### WORK TO BE COMPLETED
Return all the lines below exactly as written. Drop every picture.
═══ DATA SHOWN
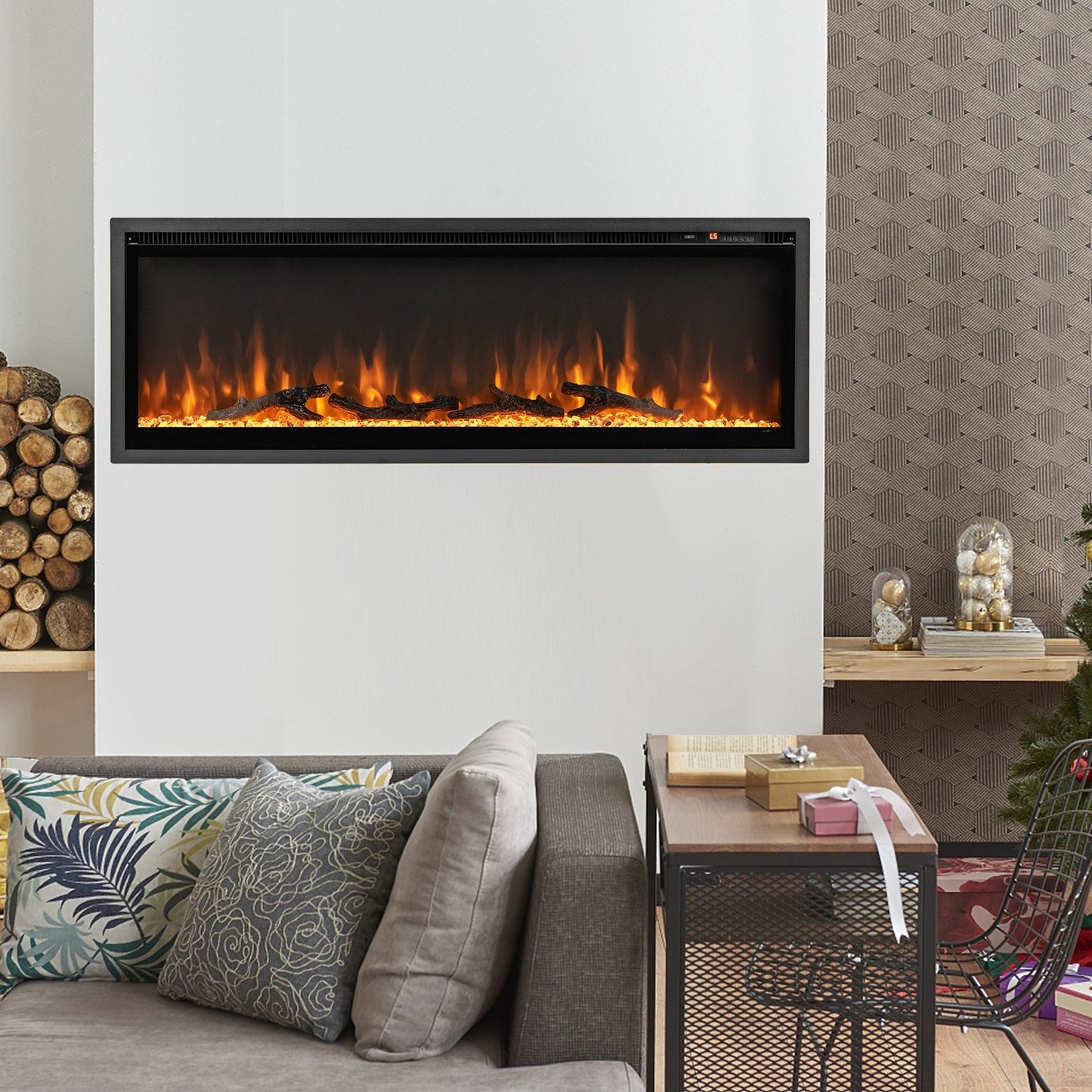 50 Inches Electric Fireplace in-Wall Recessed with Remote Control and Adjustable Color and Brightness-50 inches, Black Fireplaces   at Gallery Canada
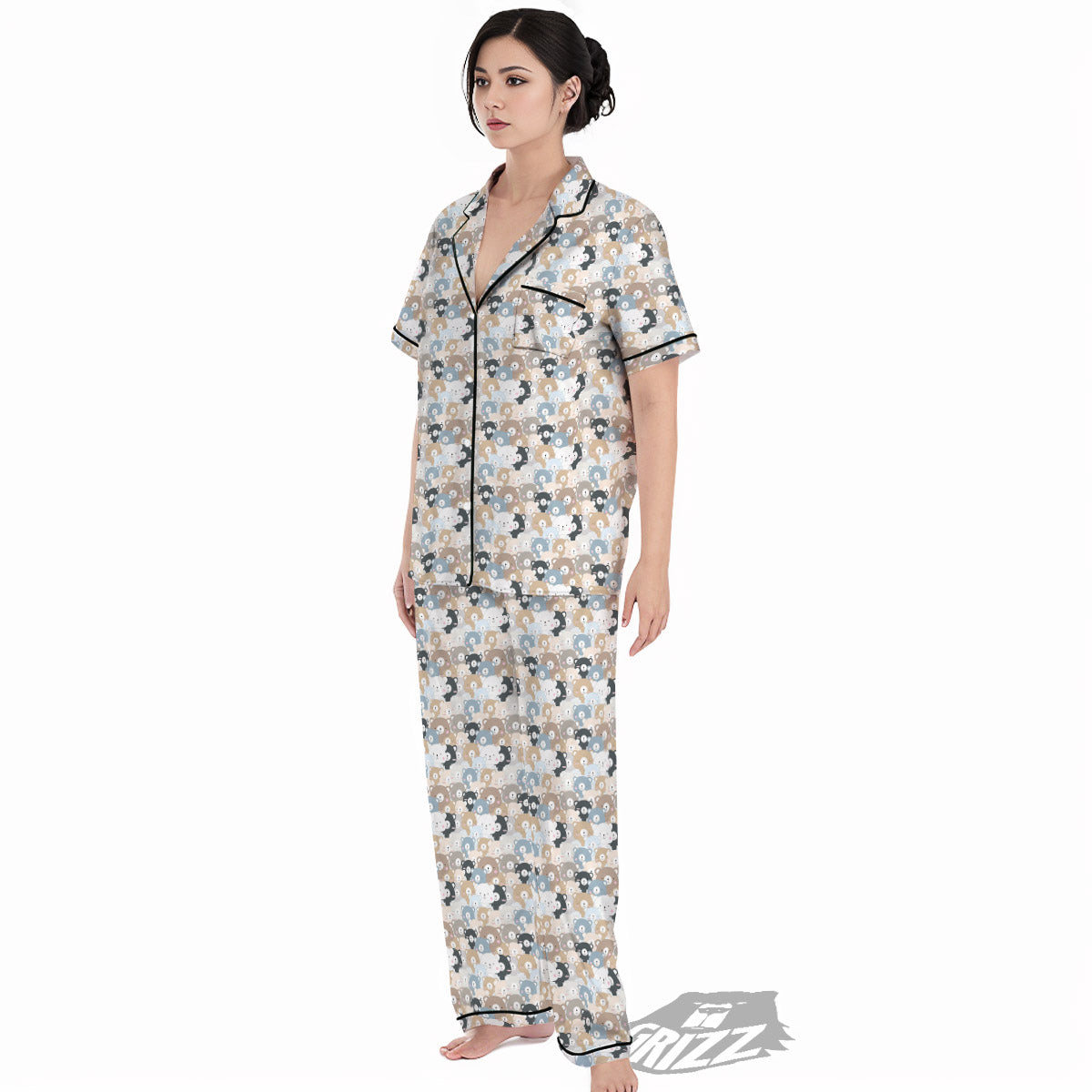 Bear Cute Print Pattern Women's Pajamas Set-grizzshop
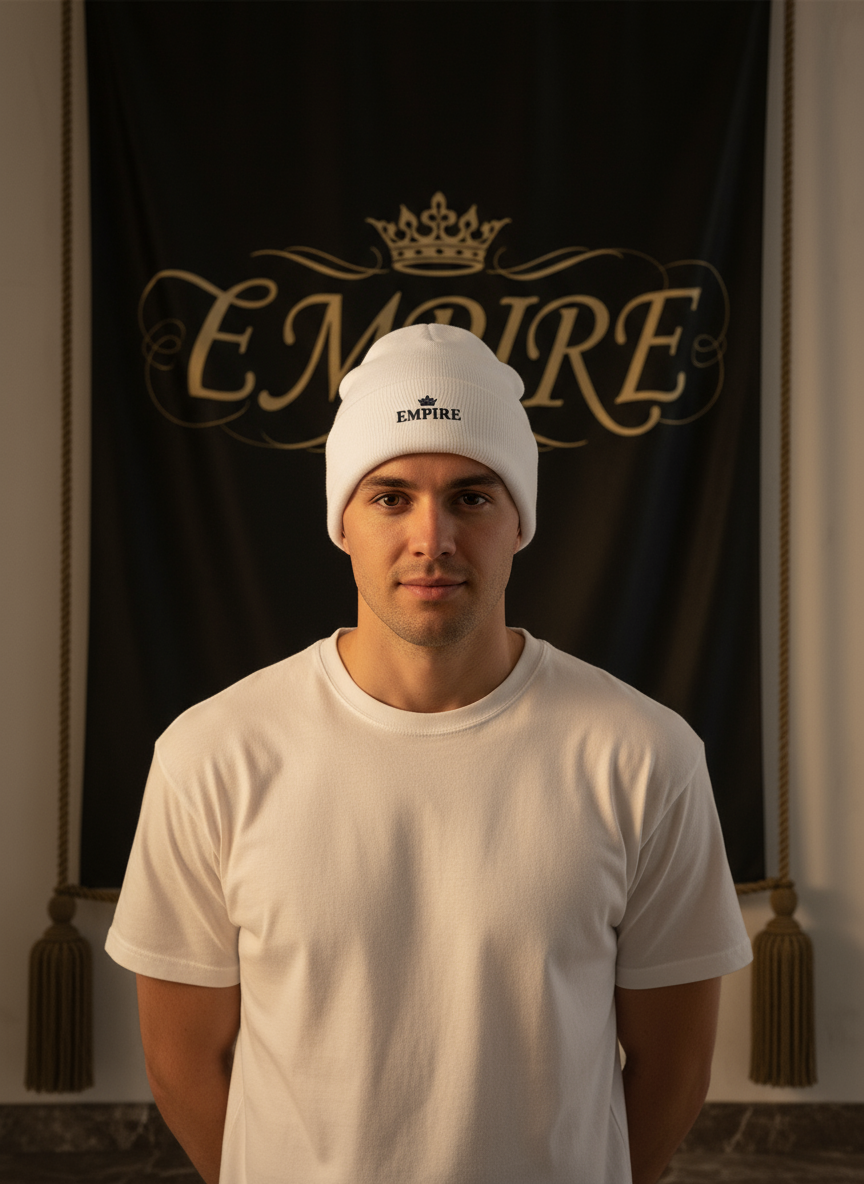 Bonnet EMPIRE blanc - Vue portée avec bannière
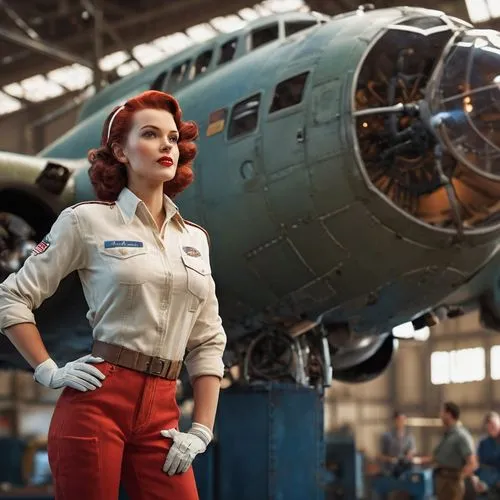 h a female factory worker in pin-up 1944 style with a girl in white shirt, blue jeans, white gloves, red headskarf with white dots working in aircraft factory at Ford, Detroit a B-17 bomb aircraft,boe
══════
### YOUR RESPONSE
 50 Inches Electric Fireplace in-Wall Recessed with Remote Control and Adjustable Color and Brightness-50 inches, Black Fireplaces   at Gallery Canada
 Bear Cute Print Pattern Women's Pajamas Set-grizzshop
 Bonnet EMPIRE blanc - Vue portée avec bannière
 h a female factory worker in pin-up 1944 style with a girl in white shirt, blue jeans, white gloves, red headskarf with white dots working in aircraft factory at Ford, Detroit a B-17 bomb aircraft,boe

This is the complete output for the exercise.